Abstract
Background
The COVID-19 pandemic has yielded an unprecedented quantity of new publications, contributing to an overwhelming quantity of information and leading to the rapid dissemination of less stringently validated information. Yet, a formal analysis of how the medical literature has changed during the pandemic is lacking. In this analysis, we aimed to quantify how scientific publications changed at the outset of the COVID-19 pandemic.
Methods
We performed a cross-sectional bibliometric study of published studies in four high-impact medical journals to identify differences in the characteristics of COVID-19 related publications compared to non-pandemic studies. Original investigations related to SARS-CoV-2 and COVID-19 published in March and April 2020 were identified and compared to non-COVID-19 research publications over the same two-month period in 2019 and 2020. Extracted data included publication characteristics, study characteristics, author characteristics, and impact metrics. Our primary measure was principal component analysis (PCA) of publication characteristics and impact metrics across groups.
Results
We identified 402 publications that met inclusion criteria: 76 were related to COVID-19; 154 and 172 were non-COVID publications over the same period in 2020 and 2019, respectively.
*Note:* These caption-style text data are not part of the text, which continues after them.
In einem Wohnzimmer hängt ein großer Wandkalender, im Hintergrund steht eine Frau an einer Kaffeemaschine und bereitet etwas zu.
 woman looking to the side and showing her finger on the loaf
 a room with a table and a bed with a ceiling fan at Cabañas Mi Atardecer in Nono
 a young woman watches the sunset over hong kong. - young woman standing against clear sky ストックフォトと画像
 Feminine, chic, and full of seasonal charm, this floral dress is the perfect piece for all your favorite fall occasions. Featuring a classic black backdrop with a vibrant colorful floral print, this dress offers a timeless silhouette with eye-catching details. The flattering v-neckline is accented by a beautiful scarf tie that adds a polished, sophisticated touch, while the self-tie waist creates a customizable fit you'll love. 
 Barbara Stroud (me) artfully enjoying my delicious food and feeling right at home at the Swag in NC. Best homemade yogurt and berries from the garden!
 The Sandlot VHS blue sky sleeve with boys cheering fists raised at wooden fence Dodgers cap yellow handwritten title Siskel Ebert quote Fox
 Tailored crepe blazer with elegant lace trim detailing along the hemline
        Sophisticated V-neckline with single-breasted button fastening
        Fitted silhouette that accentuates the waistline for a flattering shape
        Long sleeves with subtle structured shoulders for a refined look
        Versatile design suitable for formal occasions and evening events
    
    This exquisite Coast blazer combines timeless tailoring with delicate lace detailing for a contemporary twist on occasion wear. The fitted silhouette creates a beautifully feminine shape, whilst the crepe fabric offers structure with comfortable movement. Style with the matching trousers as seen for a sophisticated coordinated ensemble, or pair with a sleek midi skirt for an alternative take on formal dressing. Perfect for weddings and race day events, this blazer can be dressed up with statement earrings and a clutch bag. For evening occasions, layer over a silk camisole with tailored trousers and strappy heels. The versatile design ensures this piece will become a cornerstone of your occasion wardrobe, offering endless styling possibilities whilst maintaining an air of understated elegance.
PCA utilizing the collected bibliometric data revealed segregation of the COVID-19 literature subset from both groups of non-COVID literature (2019 and 2020). COVID-19 publications were more likely to describe prospective observational (31.6%) or case series (41.8%) studies without industry funding as compared with non-COVID articles, which were represented primarily by randomized controlled trials (32.5% and 36.6% in the non-COVID literature from 2020 and 2019, respectively).
Conclusions
In this cross-sectional study of publications in four general medical journals, COVID-related articles were significantly different from non-COVID articles based on article characteristics and impact metrics. COVID-related studies were generally shorter articles reporting observational studies with less literature cited and fewer study sites, suggestive of more limited scientific support. They nevertheless had much higher dissemination.
Introduction
The coronavirus disease 2019 (COVID-19) pandemic has given rise to an unprecedented quantity of publications in a short period of time as researchers worldwide attempt to report their experiences to better understand this new disease and identify promising treatments [1]. This has contributed to a COVID-19 “infodemic”–an overwhelming quantity of information, leading to the rapid dissemination of less stringently validated information [2].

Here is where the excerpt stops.